One outcome of the discussion was to develop an interest by me in the concept of ‘hearing the voice’ of non-Americans on the up-coming US elections. I did a google on the key words ‘global voting’ and managed to discover a site devoted to enabling people around the globe to let the world, and the US know how they feel about policies that affect their lives but over which they have no control. The site (with URL) is Allvote.org <http://allvote.org/>
The site allows people from around the world to express opinions via a poll. The current poll encourages a ‘vote’ for the two main candidates in the US election and a third option vaguely referred to as ‘other’. At present Kerry is leading, ‘other’ is not far behind and Bush is a distant third. There will, in the future be a capacity for results to be shown by individual countries and by world regions. It will be interesting to follow the results of the poll as the US elections approach.
It is a source for great sadness for me, but I am fairly certain Bush will win or be appointed President in the next election. At this point I am even inclined to think that Jeb Bush will inherit the office next.
As to voteing rights, I can see allowing permanent legal residents the ability to vote. I do not know whether I support that idea or not. But as to people outside this country, I cannot think of a single reason why they should be allowed to vote.

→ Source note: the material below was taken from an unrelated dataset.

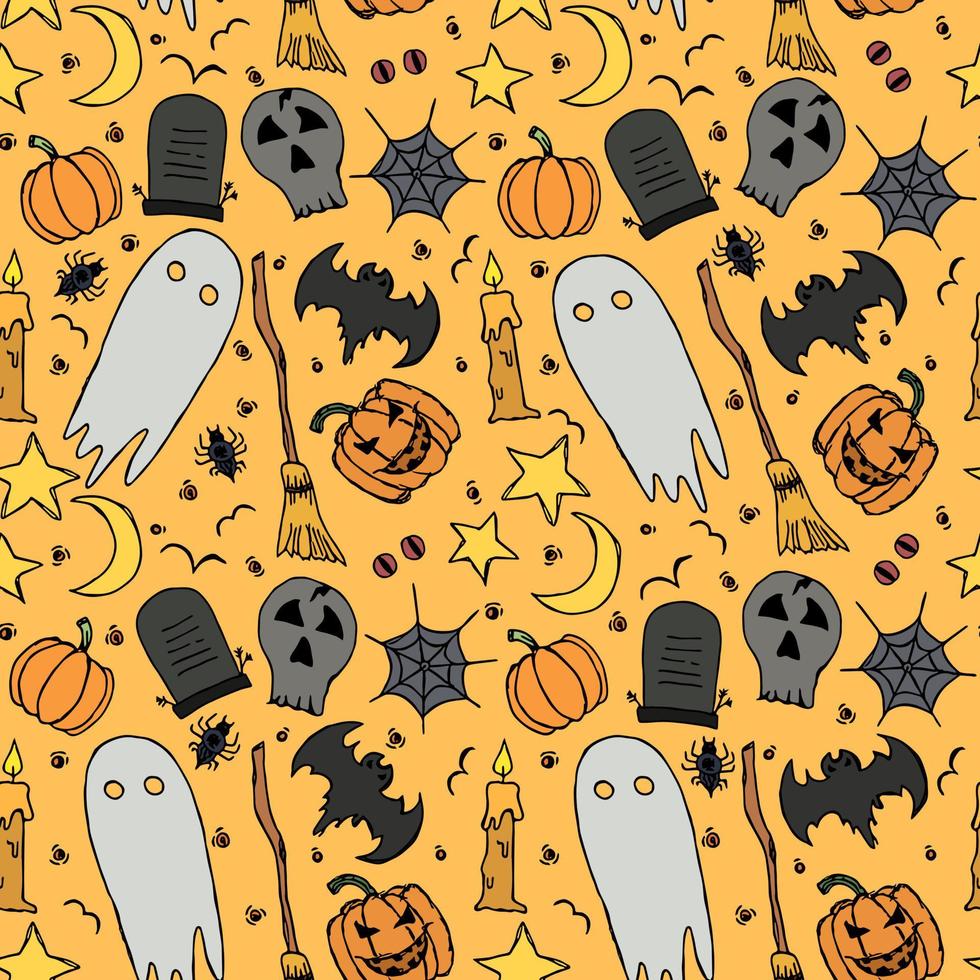 Seamless halloween pattern. Doodle halloween background vector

However, all that our constitution says on the issue is :
There does not seem to be any prohibition against who can vote. The Bill of Rights says that people over 18 cannot be prevented from voteing, nor can people be denied enfranchisement based on gender or race. But there does not seem to be any condition of citizenship. It is left up to the states to decide who can vote.
Uhm…I would think that site might actually backfire. We weigh the opinions of our friends but if you don’t actually live here, you don’t know what sorts of issues we face in our day to day lives that might also affect our votes.
The site is pretty meaningless IMO:
It’s not? I do hope the rest of the world has enough self-esteem to support us or tell us to take a hike to do the best they can for their people. We seem to have had several countries do that just last week.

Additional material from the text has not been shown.